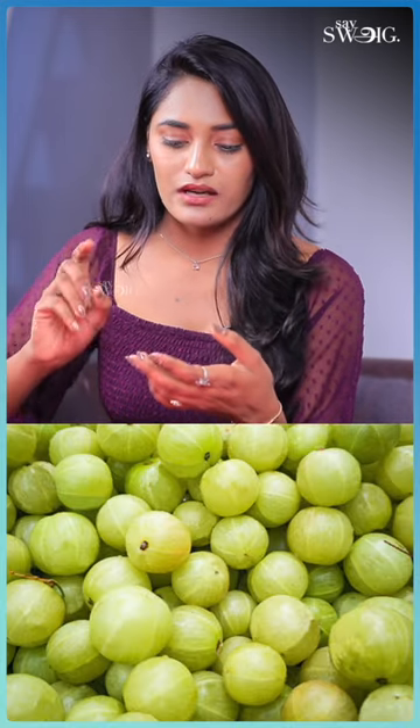If you look at the oil, I would prepare my mom's oil. Semberthi, Amla, Karislangani, Vengayam, Karugapla.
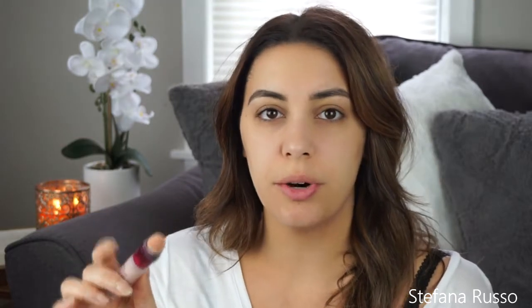We're going to start off with color correcting our under eyes. My skincare has been really good lately and I haven't had too many bags under my eyes, but I know a lot of people do. To correct that, use a concealer that has a more rosy or coral undertone — just pat that underneath your eyes.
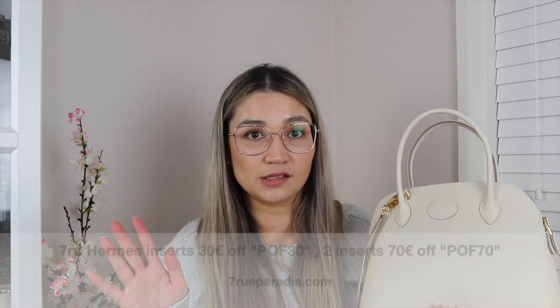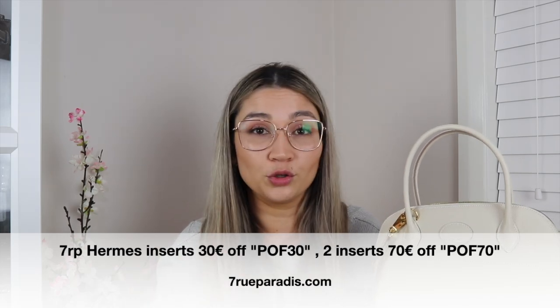If you're after a Seven Roo Paradis insert — the best Hermes inserts you can get — details and my coupon code with them will be in the description bar. I will not be using any other insert because I don't trust other inserts; I've used them before and they've always done damage to my bag. I'm not risking it — I'll just go without an insert and hope that Seven Roo Paradis makes one at some point.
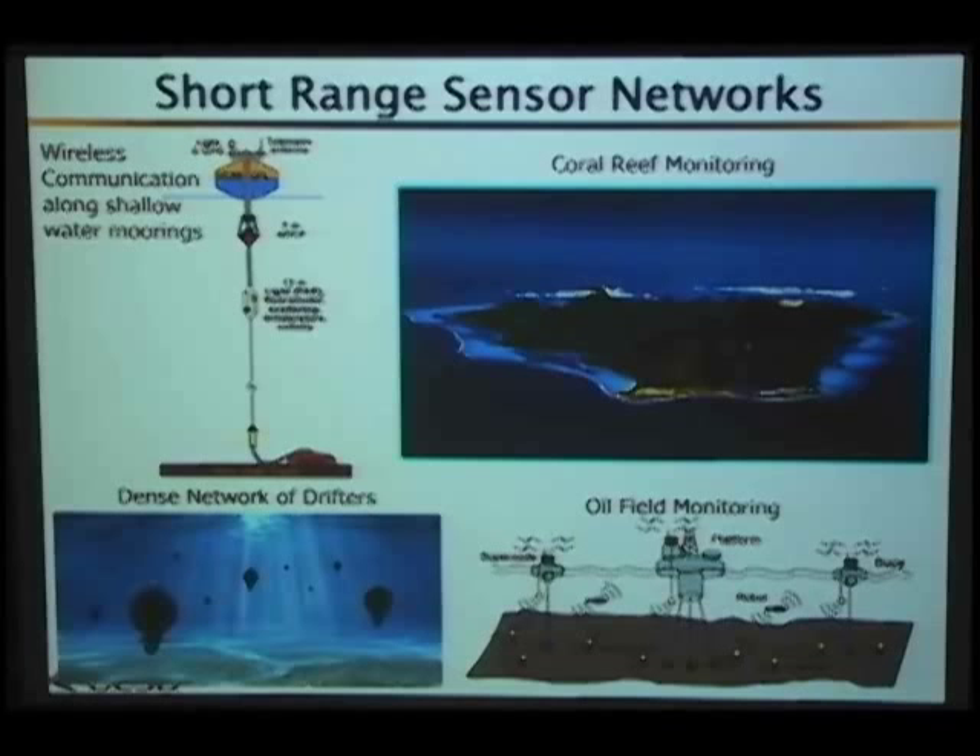Another area that's seen a lot of attention, especially after the events of last summer, is oil field monitoring. There's been a large amount of money coming from oil companies mainly for seismic sensors that tell you how drilling is going. There's a project out of USC headed by John Heidemann looking at oil field monitoring — I mention it mainly because they tried to build a low-cost modem and never got past the prototype stage.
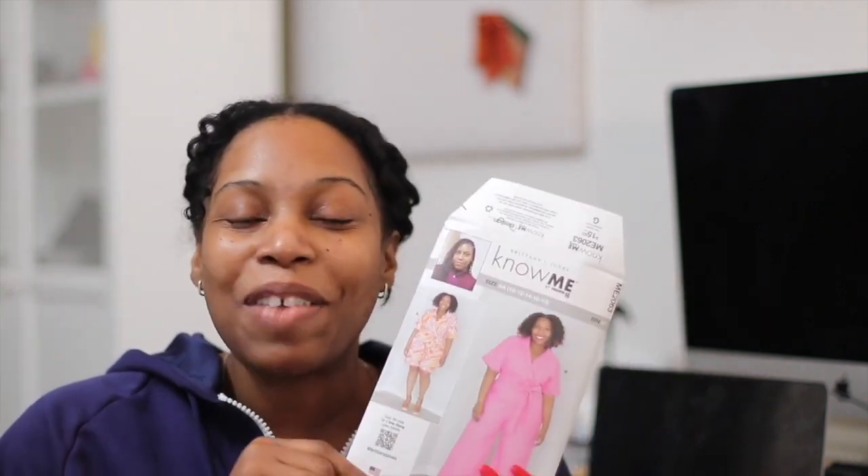Hi everyone, and welcome back to the channel. My name is Brittany of BrittanyJJones.com. If this is your first time tuning in, welcome to the channel. I hope that you would like what you see and subscribe below for more. Please excuse me, I am a little bit under the weather, but I wanted to get this intro finished because this is the last part I needed to finish my sew along for my new pattern, ME2063, my jumpsuit pattern. I love this jumpsuit, and I hope that you all love it. I'm going to be following along with view A in this video, but it's the same as view B — just a shorter length, so you can still follow along if you want to make the longer view. Please tag me when you all make it, and let's get started sewing.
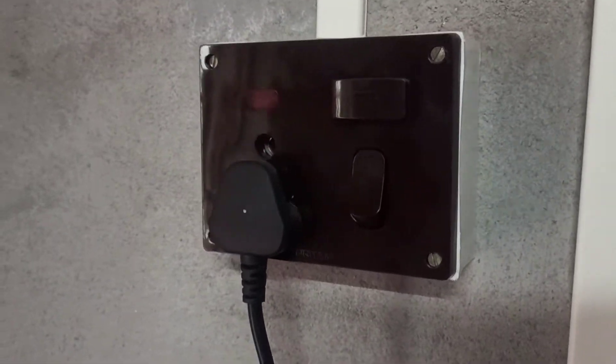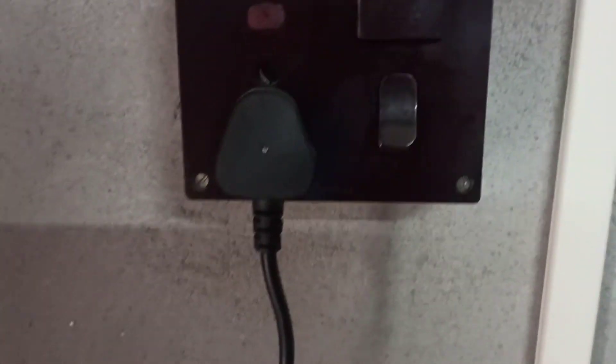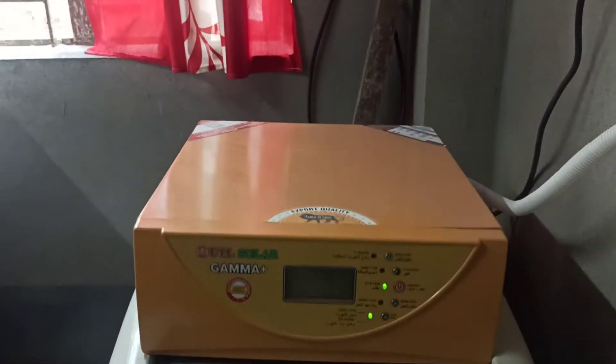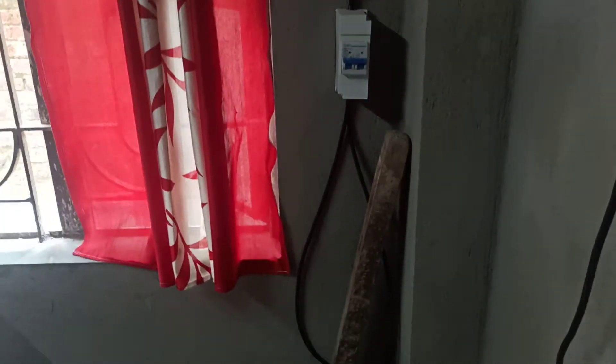Hello viewers, here is the main cell connection. This is our solar inverter — this is UTL Gamma Plus. Here is the solar connection with UTL Gamma Plus, and the main line is off.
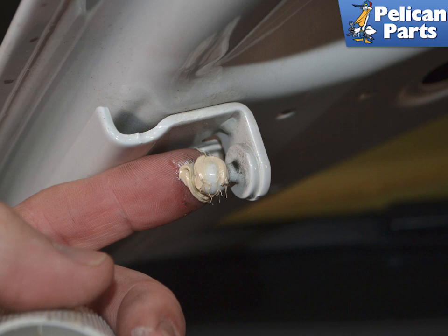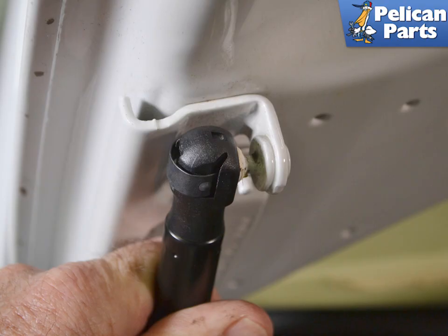Make sure to clean the ball mount and apply a small amount of white lithium grease to the ball. When installing the new shock, you do not need to pull the clip out — just press the socket onto the ball.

• _Work to complete_
If any image appears in the entries, omit it and return the rest verbatim.

• _Answer to the problem_
If you look at the oil, I would prepare my mom's oil. Semberthi, Amla, Karislangani, Vengayam, Karugapla.
We're going to start off with color correcting our under eyes. My skincare has been really good lately and I haven't had too many bags under my eyes, but I know a lot of people do. To correct that, use a concealer that has a more rosy or coral undertone — just pat that underneath your eyes.
If you're after a Seven Roo Paradis insert — the best Hermes inserts you can get — details and my coupon code with them will be in the description bar. I will not be using any other insert because I don't trust other inserts; I've used them before and they've always done damage to my bag. I'm not risking it — I'll just go without an insert and hope that Seven Roo Paradis makes one at some point.
Another area that's seen a lot of attention, especially after the events of last summer, is oil field monitoring. There's been a large amount of money coming from oil companies mainly for seismic sensors that tell you how drilling is going. There's a project out of USC headed by John Heidemann looking at oil field monitoring — I mention it mainly because they tried to build a low-cost modem and never got past the prototype stage.
Hi everyone, and welcome back to the channel. My name is Brittany of BrittanyJJones.com. If this is your first time tuning in, welcome to the channel. I hope that you would like what you see and subscribe below for more. Please excuse me, I am a little bit under the weather, but I wanted to get this intro finished because this is the last part I needed to finish my sew along for my new pattern, ME2063, my jumpsuit pattern. I love this jumpsuit, and I hope that you all love it. I'm going to be following along with view A in this video, but it's the same as view B — just a shorter length, so you can still follow along if you want to make the longer view. Please tag me when you all make it, and let's get started sewing.
Hello viewers, here is the main cell connection. This is our solar inverter — this is UTL Gamma Plus. Here is the solar connection with UTL Gamma Plus, and the main line is off.
Make sure to clean the ball mount and apply a small amount of white lithium grease to the ball. When installing the new shock, you do not need to pull the clip out — just press the socket onto the ball.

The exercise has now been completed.